Amazon Web Services has launched a public beta test of AWS Storage Gateway, which allows enterprises to back up application data in Amazon's cloud using a software appliance, the company said on Tuesday.
The Storage Gateway appliance is a virtual machine that runs on VMware's virtualization software. It uses an iSCSI interface to integrate with applications.
The appliance stores data on local storage hardware, while uploading backup snapshots to Amazon's cloud. This provides low-latency access to data and off-site backups in the cloud, Amazon wrote in a blog post.
There is no limit to the amount of storage that a single gateway can upload to Amazon's S3 (Simple Storage Service). But each gateway can handle up to 12 TB of local storage and up to 12 storage volumes. Those that need more local capacity can ask Amazon for special permission, according to a FAQ that details the service.
Amazon also plans to add what it calls gateway-cached volumes in the coming months.
Data written to those volumes will be stored using S3, with only a cache of recently written and frequently accessed data stored on the local hardware. Gateway-cached volumes will allow enterprises to use Amazon's cloud for data where higher latencies are acceptable, it said.
At present, the appliance is only configurable via the AWS Management Console.
Enterprises that want to use Storage Gateway pay a monthly fee of US$125 per activated gateway. Added to that is the cost of storage capacity used by the snapshots, and traffic out of Amazon's cloud.
The snapshots are stored and billed as Amazon EBS (Elastic Block Store) snapshots, which cost from $0.14 per GB per month.
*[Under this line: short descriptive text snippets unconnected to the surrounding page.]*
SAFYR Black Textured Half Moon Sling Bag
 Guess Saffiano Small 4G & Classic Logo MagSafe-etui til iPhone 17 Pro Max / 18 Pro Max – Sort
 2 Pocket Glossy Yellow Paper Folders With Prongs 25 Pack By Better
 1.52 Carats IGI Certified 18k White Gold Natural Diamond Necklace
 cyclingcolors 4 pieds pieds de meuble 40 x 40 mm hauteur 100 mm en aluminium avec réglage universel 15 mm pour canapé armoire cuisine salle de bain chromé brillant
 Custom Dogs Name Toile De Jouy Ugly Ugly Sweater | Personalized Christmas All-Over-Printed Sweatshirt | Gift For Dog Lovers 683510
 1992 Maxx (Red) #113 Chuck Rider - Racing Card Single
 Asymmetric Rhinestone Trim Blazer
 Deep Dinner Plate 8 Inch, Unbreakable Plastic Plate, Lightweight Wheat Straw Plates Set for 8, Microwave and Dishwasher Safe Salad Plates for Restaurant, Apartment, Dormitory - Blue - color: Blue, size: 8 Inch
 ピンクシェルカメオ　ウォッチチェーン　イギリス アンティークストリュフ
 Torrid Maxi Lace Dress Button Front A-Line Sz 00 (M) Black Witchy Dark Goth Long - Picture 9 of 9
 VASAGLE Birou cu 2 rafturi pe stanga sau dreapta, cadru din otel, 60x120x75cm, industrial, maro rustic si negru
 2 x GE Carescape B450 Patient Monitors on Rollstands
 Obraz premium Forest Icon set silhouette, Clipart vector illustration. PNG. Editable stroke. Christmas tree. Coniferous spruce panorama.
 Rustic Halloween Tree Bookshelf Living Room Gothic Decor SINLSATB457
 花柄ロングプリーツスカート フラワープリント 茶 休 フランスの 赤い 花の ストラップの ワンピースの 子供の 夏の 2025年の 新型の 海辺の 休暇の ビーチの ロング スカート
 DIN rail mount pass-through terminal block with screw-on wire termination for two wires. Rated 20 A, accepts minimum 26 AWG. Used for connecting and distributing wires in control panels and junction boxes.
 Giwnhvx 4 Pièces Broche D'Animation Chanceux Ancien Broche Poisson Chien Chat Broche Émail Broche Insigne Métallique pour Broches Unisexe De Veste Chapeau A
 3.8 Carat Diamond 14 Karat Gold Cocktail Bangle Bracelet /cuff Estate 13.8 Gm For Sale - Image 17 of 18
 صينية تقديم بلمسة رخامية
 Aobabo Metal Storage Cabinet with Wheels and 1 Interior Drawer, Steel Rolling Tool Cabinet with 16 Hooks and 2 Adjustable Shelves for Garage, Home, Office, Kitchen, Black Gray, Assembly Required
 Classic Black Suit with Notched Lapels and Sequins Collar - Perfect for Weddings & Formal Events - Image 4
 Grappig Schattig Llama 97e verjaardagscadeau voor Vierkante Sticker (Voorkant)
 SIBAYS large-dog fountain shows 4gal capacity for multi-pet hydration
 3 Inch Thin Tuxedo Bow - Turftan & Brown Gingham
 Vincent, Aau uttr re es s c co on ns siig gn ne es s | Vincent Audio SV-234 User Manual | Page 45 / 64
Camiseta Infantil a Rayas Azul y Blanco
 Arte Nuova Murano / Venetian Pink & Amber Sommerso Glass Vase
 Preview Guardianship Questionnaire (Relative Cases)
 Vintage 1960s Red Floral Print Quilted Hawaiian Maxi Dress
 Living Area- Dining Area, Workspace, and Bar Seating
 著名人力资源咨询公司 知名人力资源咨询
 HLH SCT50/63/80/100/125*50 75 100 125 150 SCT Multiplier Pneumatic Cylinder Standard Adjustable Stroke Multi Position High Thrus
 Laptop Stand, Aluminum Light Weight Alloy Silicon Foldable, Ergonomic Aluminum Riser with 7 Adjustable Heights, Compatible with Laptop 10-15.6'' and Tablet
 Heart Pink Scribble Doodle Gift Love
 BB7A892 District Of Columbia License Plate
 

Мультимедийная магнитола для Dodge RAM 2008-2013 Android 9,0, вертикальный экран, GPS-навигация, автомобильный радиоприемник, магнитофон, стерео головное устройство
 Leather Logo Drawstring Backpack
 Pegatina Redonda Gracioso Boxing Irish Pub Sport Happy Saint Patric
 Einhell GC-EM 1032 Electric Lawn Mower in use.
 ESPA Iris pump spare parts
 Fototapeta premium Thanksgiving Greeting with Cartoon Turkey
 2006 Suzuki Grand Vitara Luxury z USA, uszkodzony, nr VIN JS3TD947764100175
The cost of data transfer drops as the amount of data increases: Up to 10 TB of transferred data in one month costs $0.12 per GB, and the next 40 TB costs $0.09 per GB. Rate tiers are chosen based on aggregate usage across multiple Amazon services, including EC2 (Elastic Compute Cloud), S3 and VPC (Virtual Private Cloud).
There is also a free usage tier that allows enterprises to test the service for a limited time without being charged.